Tom Vermeiren: “Ik ben zeker dat ik met dit restaurant in een stad als Antwerpen kan overleven. Maar wil ik dat? Neen. Als ik zou verhuizen dan is het naar een nieuwbouw in Steendorp, vlakbij de Schelde, midden in het groen. Er is een mooie site vlakbij het Fort waar ik eenmaal per week wilde kruiden ga plukken zoals daslook, vlierbloesem in het seizoen, kapucijntjes, mosterdbloemetjes. Ik heb mijn idee al aan enkele schepenen voorgelegd, maar die vinden dat een restaurant zoals het mijne niet in het groen kan. Maar dat is net de bedoeling, dat je je in het groen nestelt en met je keuken volledig één met de natuur wordt. Het is geen fabriek, we onderhouden het groen. In het buitenland is er op dat gebied toch meer visie dan hier in België. Vandaar dat ik vrees dat het bij een wilde droom blijft.”

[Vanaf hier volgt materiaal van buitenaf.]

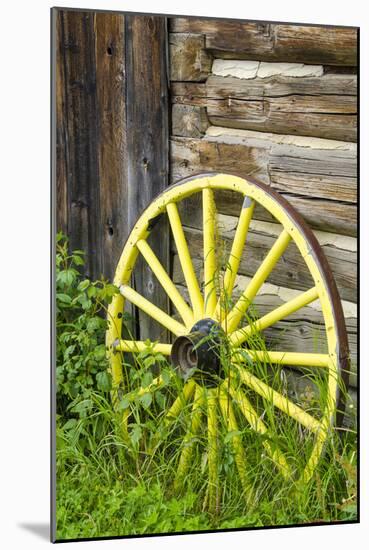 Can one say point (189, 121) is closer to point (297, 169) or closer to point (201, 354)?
point (297, 169)

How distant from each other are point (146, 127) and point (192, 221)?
0.37 meters

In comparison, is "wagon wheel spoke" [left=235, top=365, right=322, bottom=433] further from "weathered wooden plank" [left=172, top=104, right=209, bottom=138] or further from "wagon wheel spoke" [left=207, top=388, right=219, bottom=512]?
"weathered wooden plank" [left=172, top=104, right=209, bottom=138]

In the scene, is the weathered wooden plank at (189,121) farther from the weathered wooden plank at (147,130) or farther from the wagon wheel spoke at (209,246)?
the wagon wheel spoke at (209,246)

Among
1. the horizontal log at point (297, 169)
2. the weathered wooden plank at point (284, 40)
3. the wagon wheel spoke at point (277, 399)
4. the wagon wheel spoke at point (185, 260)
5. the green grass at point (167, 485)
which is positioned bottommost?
the green grass at point (167, 485)

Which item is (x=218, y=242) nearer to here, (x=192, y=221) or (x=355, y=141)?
(x=192, y=221)

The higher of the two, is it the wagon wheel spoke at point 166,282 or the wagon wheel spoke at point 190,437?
the wagon wheel spoke at point 166,282

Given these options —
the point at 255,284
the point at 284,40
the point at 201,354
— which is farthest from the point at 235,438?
the point at 284,40

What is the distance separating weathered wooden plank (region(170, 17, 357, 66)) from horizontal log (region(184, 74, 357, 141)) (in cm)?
7

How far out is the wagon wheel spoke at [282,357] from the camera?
445 centimetres

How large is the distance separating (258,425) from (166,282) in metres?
0.61

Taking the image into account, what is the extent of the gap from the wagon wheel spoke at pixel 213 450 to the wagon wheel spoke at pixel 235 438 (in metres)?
0.03

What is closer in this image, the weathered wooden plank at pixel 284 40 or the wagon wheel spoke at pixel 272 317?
the wagon wheel spoke at pixel 272 317

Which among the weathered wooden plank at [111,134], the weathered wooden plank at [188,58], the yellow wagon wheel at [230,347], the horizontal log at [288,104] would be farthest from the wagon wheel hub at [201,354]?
the weathered wooden plank at [188,58]

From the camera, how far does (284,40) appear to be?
4566 millimetres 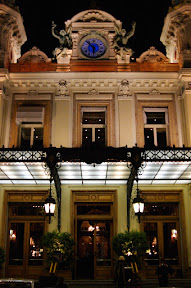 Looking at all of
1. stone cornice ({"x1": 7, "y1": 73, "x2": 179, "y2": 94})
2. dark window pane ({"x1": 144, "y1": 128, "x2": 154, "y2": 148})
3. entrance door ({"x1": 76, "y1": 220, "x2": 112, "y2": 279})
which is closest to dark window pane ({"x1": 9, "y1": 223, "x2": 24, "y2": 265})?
entrance door ({"x1": 76, "y1": 220, "x2": 112, "y2": 279})

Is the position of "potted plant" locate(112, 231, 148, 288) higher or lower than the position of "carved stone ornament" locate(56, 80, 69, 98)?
lower

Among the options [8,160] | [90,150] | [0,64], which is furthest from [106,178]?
[0,64]

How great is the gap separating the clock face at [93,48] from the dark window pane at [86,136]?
411 cm

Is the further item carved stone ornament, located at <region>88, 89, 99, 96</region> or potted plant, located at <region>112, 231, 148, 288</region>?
carved stone ornament, located at <region>88, 89, 99, 96</region>

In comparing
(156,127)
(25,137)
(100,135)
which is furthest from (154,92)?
(25,137)

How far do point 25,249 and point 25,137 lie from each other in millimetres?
5309

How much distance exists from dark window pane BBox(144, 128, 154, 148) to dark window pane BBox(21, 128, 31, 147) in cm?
574

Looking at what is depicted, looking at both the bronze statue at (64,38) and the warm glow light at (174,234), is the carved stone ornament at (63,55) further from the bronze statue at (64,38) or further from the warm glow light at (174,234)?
the warm glow light at (174,234)

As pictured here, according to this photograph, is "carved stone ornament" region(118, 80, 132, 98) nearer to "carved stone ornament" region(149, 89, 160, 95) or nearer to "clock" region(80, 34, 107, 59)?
"carved stone ornament" region(149, 89, 160, 95)

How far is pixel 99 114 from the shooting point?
1827 cm

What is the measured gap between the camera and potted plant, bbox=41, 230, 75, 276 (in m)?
14.8

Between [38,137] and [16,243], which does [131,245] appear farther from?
[38,137]

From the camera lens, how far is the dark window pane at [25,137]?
17.6 metres

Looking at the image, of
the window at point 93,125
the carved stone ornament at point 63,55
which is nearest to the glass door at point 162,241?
the window at point 93,125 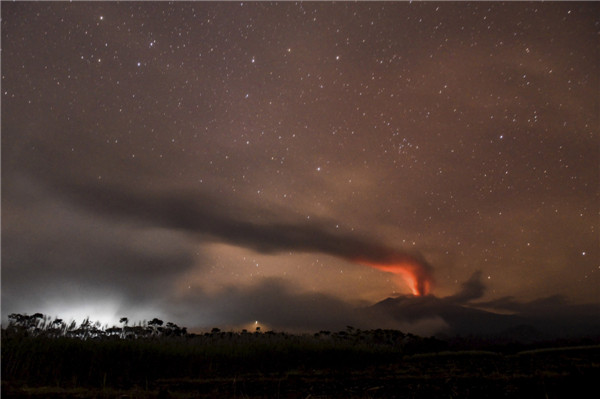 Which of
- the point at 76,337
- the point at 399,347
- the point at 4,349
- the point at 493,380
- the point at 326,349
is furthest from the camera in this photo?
the point at 399,347

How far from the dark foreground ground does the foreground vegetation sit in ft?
0.08

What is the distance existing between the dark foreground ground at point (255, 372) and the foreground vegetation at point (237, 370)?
0.02m

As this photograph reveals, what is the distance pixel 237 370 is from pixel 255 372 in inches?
40.9

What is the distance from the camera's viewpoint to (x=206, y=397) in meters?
6.27

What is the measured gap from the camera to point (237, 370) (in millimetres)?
12547

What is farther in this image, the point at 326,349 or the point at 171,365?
the point at 326,349

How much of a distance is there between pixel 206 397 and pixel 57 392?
2.19m

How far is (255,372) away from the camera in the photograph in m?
11.8

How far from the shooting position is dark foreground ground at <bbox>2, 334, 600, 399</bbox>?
6.56 meters

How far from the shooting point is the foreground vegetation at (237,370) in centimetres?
675

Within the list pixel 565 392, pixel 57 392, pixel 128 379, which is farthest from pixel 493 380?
pixel 128 379

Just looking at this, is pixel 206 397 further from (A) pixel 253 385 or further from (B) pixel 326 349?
(B) pixel 326 349

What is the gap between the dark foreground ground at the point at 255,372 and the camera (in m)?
6.56

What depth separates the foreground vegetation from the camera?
675cm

Door wie laat je je inspireren?
Tom Vermeiren: “Iedereen inspireert me. Ik kom uit een generatie die opkijkt naar de grote chefs en die respect heeft voor de inspiratie die ze brengen. Ik ga ook veel naar het buitenland, naar Kopenhagen bijvoorbeeld, en minstens 1 keer per jaar naar Londen, waar veel gebeurt op horecagebied. Niet dat hier in België geen interessante dingen gebeuren, maar reizen vind ik plezierig en dan paar ik graag het nuttige aan het aangename.”
Wat verwacht je van de Young Masters?
Tom Vermeiren: “Vraag me dat over twee jaar en dan kan ik je een uitgebreid antwoord geven. Het is nog allemaal nieuw voor mij. Maar ik verwacht vooral veel nieuwe contacten te maken en de kans te krijgen om met andere Young Masters zoals Maxime Zimmer, Tim Boury of Maxime Collard te praten. Om te kijken hoe zij werken, hoe hun zaak evolueert en hoe zij de toekomst zien.”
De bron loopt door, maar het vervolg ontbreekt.